Hawai'i is going into its 13th year of recession amid continuing emigration of our best and brightest. The critical need for Hawai'i is to bring in new investment to develop new businesses and create new jobs to keep residents here. To catch up, we need to cross-pollinate and diversify our local economy immediately. The priorities are clear: We need to select strategic industries, including technology and the movies, and then aggressively encourage them in every way possible. There is no time to waste.

We therefore question The Advertiser's editorial, and we believe many others in the community feel the same way. Assume for a moment that Act 221 is what people say it is — progressive legislation that helps Hawai'i by offering an unambiguous welcome to investors.

The indisputable reality is that investors, for both technology and movie deals, want predictability and reliability. They must be made to feel that Hawai'i is not anti-business, and that Act 221 will not be henpecked into oblivion before its five-year sunset; if unconvinced, they will invest elsewhere.

Act 221 went a long way to show the world that Hawai'i means business. To find or feign imagined "controversy" undermines the enlightened legislative message of Act 221, and will be seen as a lack of will and a collective reluctance to commit to a diversified open-for-business economy. We should, rather, join to seize the day and change that image.

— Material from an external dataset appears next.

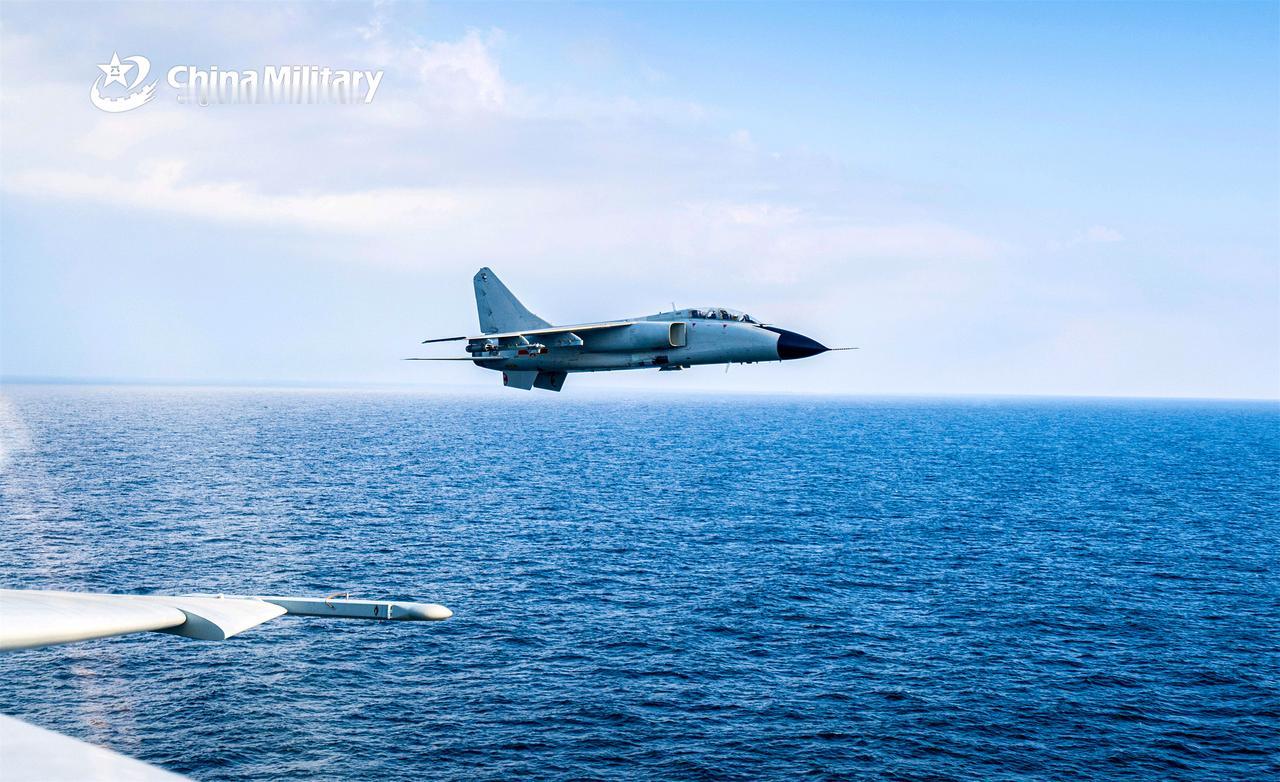 海面上进行超低空突防的豹爷，这是海航豹爷的主要作战任务剖面，携带鹰击八三反舰导弹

We should be proud of this state law, use it and applaud the Legislature for it. Unfounded suggestions of "abuse" and "controversy," however, corrode the act, intimidate our prospects and entrepreneurs, and further deteriorate our business image, all with long-term destructive effect.

Jay Fidell, Laurie Akau, Gordon Bruce and Don Mangiarelli are advisers to ThinkTechHawaii, a nonprofit group dedicated to keeping island people up to date on developments in Hawai'i's technology sector.